Ela parecia procurar algo ou alguém, mexia no celular freneticamente e olhava pros lados bem nervosa. Fui perguntar se ela sabia onde pegar um táxi ali perto e quando disse "Oi, moça?", ela deu um pulo de susto. Logo me pediu desculpas, disse que tinha muito medo de ficar na rua sozinha e qualquer coisinha já punha ela em sobressalto. Ela também estava contando com o ponto de táxi e tinha começado a procurar no Google o número de alguma central, mas a internet do celular não colaborava. Foi então que um táxi se aproximou, e eu e ela começamos a pular e a acenar loucamente, até que ele parou. A gente se entreolhou, meio sem graça, e eu perguntei pra onde ela estava indo.

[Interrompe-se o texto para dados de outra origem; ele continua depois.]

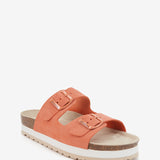 Orange suede platform sandal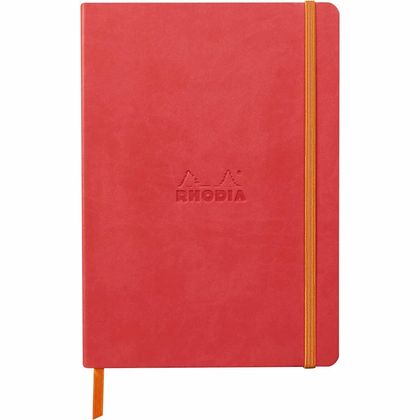 Блокнот А5 148*210 мм, 80 л., лин. "Rhodiarama", кожзам., мягк. обл., на резинке, дымная роза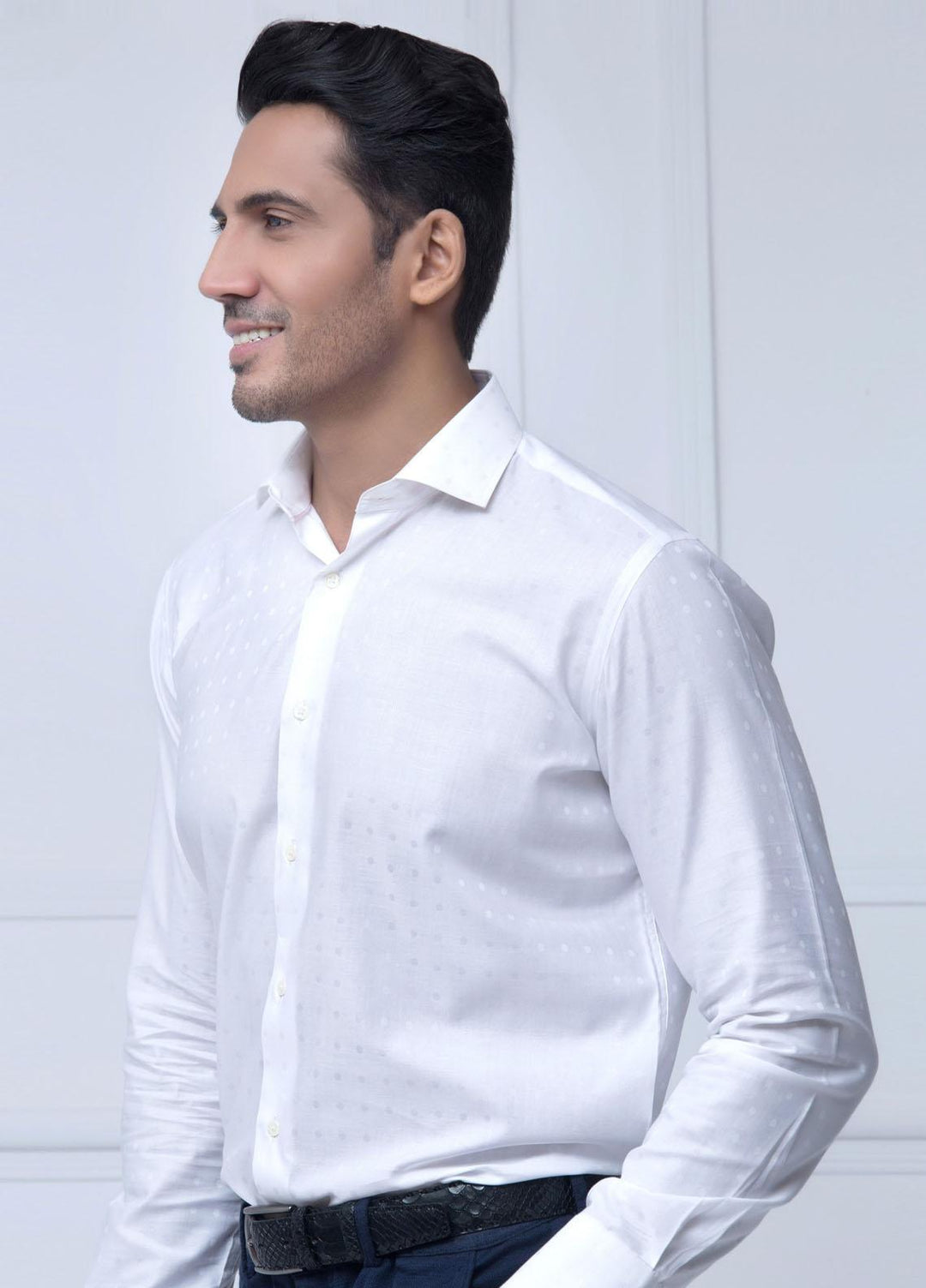 Brumano Cotton Casual Shirts for Mens - White Polka Dot Formal Shirt BRM-208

- Pra Apiacás, sabe onde fica?
Eu sabia. Porque era a mesma rua pra onde eu estava indo. Nesse momento a gente se abraçou, chorou bastante e entrou no banco de trás de braços dados. Ou algo assim. Porque, né, quais as chances? Eu perdida sozinha na noite encontro uma menina perdida sozinha na noite indo pro mesmo lugar que eu. Não foi a primeira vez que fui salva pelas evidências incontestáveis do destino. Em 2013, novamente perdida (pelo menos não sozinha) na na noite, dessa vez de madrugada, na puta que pariu das imediações do Lollapalooza, eu entrei no primeiro ônibus que apareceu, que me deixou na porta, literalmente na porta, do hotel em que meus amigos estavam hospedados. Descobri, naquela noite, que em São Paulo meu anjo da guarda faz hora extra.
No último domingo, esse anjo da guarda assumiu as formas de uma moça um pouco mais velha que eu, que tinha um dread na nuca, várias tatuagens misteriosas, um piercing no nariz e apesar da postura fierce-mística-mais-indie-que-você, também tinha a confiança desmontada pelo simples fato de ser uma mulher sozinha numa cidade enorme e hostil, apesar do nosso amor por ela. Foi isso que viemos conversando naquele banco de trás, sobre como era horrível essa situação, sobre como não devia ser assim, sobre como estávamos de saco cheio de viver com medo.
Chegamos no prédio dela primeiro, e ao racharmos a corrida, os sete reais que eu tinha comigo foram a conta exata da minha parte. A gente se despediu e eu nem sei o nome dela, mas quando cheguei em casa e me perguntaram se estava tudo bem, dei uma risada e disse: sobrevivi.